Rap innovator and icon Eminem dropped his much anticipated album "The Marshall Mathers LP 2" last Tuesday. Although the rapper has entered his 40s, he's still just as angry and controversial as he was at his height in the late 90s and early 2000s.
Undoubtedly, he has matured as an artist, but his newest album does not reflect any of that maturity or wise attitude that often comes with age. The album meanders at times and, while some tracks are foot tappers, many of the others fall short. Eminem seems to be trapped and completely enveloped in his former success and has not succeeded in breaking his own mold. By making this album something that will do well financially, he has succeeded But, as a growing artist, he has failed in experimenting with his own perfected formula to create something more worthy.
Lyrically, Eminem is just as smooth and precise as ever before; his sharp rhymes and subtle humor remain deadly throughout many of the tracks. The lyrics of many of the songs are unsurprising themes that Eminem has covered throughout his entire career, including broken relationships, issues with his father and just a general societal hatred.
Something Eminem has done well throughout his career is texturizing his songs to the modern happenings in the world, whether that be through satire or wicked humor and lyrical genius. However, while this album has those bright spots, many of his controversial lines spew out in a downright offensive and senseless manner.
Eminem teams up with other big names that he has collaborated with in the past, including Rihanna, Skylar Grey, Nate Ruess and newcomer Kendrick Lamar. These features add some diversity in the songs, but the quality is still yet to be seen. The contributions by the other artists add a dash of pop clearly geared to a larger mainstream audience that Eminem has unfortunately aimed to please.
The songs on the album that feature other artists include "The Monster," "Love Game," "Asshole" and "Headlights." Perhaps the best song on the album is "Stronger Than I Was." It is passionate and truthful, a welcomed shift from the other tracks.
The singles on the album include "Rap God," "Berzerk" and "Survival." The aforementioned three tunes are catchy and would fit seamlessly in a workout mix but may have been more effective earlier in his career when the industry was still evolving and not as formulaic. The battle between beloved bad-boy Slim Shady and matured Eminem is confusing and clashes disastrously.
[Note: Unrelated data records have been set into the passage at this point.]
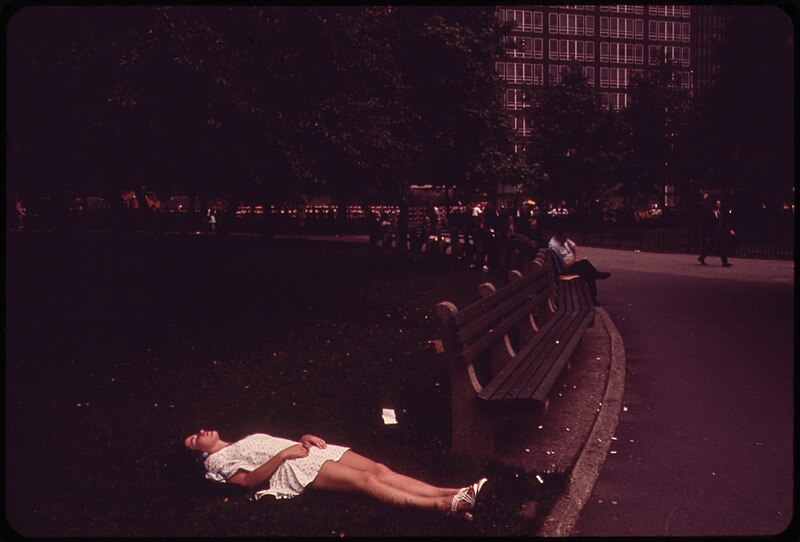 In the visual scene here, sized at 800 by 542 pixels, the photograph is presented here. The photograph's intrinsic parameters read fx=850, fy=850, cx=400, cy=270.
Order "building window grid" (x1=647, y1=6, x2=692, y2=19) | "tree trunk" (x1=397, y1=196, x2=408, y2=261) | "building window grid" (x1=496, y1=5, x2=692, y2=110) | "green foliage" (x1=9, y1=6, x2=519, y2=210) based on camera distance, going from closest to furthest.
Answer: "green foliage" (x1=9, y1=6, x2=519, y2=210) < "tree trunk" (x1=397, y1=196, x2=408, y2=261) < "building window grid" (x1=647, y1=6, x2=692, y2=19) < "building window grid" (x1=496, y1=5, x2=692, y2=110)

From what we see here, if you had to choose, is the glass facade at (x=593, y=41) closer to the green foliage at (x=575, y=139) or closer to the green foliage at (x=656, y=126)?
the green foliage at (x=656, y=126)

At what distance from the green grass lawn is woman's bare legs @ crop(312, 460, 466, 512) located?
62mm

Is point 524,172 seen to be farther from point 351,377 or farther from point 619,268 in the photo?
point 351,377

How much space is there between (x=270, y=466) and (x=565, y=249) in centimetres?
1031

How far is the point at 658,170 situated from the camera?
53625 mm

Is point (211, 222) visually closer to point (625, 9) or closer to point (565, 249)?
point (565, 249)

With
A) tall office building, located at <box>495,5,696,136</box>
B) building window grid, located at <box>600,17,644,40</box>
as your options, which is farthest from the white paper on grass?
building window grid, located at <box>600,17,644,40</box>

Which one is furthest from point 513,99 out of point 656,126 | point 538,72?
point 656,126

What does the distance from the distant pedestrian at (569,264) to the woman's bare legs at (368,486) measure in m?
9.58

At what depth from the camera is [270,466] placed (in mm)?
4391

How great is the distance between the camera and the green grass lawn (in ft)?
13.9

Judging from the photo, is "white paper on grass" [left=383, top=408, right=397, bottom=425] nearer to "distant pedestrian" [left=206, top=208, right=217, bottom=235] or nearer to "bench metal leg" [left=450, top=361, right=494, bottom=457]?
"bench metal leg" [left=450, top=361, right=494, bottom=457]

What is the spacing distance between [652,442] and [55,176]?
417 inches

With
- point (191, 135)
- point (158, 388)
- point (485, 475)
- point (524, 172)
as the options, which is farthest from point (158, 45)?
point (524, 172) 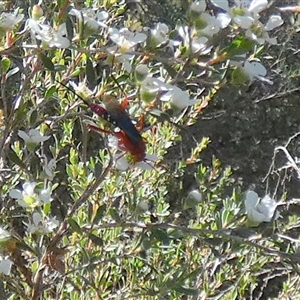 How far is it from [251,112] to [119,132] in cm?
244

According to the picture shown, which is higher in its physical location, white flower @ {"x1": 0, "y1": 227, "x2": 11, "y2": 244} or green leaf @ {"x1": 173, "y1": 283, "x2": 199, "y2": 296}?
white flower @ {"x1": 0, "y1": 227, "x2": 11, "y2": 244}

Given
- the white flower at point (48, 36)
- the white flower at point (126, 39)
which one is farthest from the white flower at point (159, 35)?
the white flower at point (48, 36)

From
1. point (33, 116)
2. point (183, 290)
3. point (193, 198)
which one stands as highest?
point (33, 116)

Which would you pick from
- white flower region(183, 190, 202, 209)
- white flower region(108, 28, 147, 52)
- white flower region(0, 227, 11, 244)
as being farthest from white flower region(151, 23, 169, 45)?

"The Marshall Mathers LP 2" is a welcome addition to Eminem's illustrious career as a rapper and musical icon but fails to be innovative in its approach. In a time where rap music is incredibly popular, it is increasingly difficult to stand out, and while Slim Shady played a key role in what rap is today, he has not evolved enough artistically to keep up with the times.
The album is filled with thunderous fury, but it really does not amount to much in the end. Within this album is the final resting place of Eminem's alter-ego, Slim Shady, which he so wrongly tried to resurrect.